Exercise goal: Please take the records that follow and repeat exactly the lines starting with the line with "80 Studies Volume 1 80" and going on through the line with "カラー ブリーチ 🩵盛れる顔周りヘア EMI🩵のヘアスタイル".

Data to process:
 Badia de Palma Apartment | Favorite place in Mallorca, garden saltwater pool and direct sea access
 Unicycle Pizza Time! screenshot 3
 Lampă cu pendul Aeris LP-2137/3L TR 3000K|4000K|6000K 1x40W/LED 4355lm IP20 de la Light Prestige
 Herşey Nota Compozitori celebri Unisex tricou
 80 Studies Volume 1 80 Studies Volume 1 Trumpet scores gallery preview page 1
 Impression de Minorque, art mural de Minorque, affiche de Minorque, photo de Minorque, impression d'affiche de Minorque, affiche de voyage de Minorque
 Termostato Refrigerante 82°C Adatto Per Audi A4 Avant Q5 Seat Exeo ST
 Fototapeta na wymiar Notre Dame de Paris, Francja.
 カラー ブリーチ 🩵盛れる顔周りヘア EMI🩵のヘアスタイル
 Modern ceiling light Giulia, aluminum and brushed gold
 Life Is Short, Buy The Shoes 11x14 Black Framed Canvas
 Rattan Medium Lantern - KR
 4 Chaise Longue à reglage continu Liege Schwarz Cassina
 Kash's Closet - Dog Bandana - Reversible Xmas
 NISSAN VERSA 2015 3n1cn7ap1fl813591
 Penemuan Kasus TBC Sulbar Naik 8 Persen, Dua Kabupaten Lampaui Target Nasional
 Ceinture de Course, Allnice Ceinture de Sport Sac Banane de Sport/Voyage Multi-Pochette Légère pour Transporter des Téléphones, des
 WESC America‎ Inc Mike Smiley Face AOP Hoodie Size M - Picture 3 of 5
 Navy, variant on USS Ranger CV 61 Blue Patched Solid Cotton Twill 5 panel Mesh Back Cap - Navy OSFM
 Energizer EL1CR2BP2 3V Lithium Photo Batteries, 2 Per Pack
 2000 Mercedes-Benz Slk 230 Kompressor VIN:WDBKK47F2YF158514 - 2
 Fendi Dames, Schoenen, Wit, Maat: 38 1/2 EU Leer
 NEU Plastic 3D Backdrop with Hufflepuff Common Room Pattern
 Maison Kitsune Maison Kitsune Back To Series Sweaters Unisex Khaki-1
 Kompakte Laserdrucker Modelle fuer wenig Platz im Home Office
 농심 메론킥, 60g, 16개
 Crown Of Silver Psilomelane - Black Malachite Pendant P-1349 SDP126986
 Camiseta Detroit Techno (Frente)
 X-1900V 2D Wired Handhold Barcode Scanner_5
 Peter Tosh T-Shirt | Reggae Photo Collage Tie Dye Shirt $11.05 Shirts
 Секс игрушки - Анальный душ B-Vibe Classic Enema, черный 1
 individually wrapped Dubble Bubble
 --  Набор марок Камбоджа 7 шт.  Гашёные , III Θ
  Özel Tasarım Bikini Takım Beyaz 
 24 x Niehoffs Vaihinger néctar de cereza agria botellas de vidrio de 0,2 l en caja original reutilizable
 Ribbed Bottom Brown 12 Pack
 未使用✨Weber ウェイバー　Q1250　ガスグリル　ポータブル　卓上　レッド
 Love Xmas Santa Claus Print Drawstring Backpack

Your response:
 80 Studies Volume 1 80 Studies Volume 1 Trumpet scores gallery preview page 1
 Impression de Minorque, art mural de Minorque, affiche de Minorque, photo de Minorque, impression d'affiche de Minorque, affiche de voyage de Minorque
 Termostato Refrigerante 82°C Adatto Per Audi A4 Avant Q5 Seat Exeo ST
 Fototapeta na wymiar Notre Dame de Paris, Francja.
 カラー ブリーチ 🩵盛れる顔周りヘア EMI🩵のヘアスタイル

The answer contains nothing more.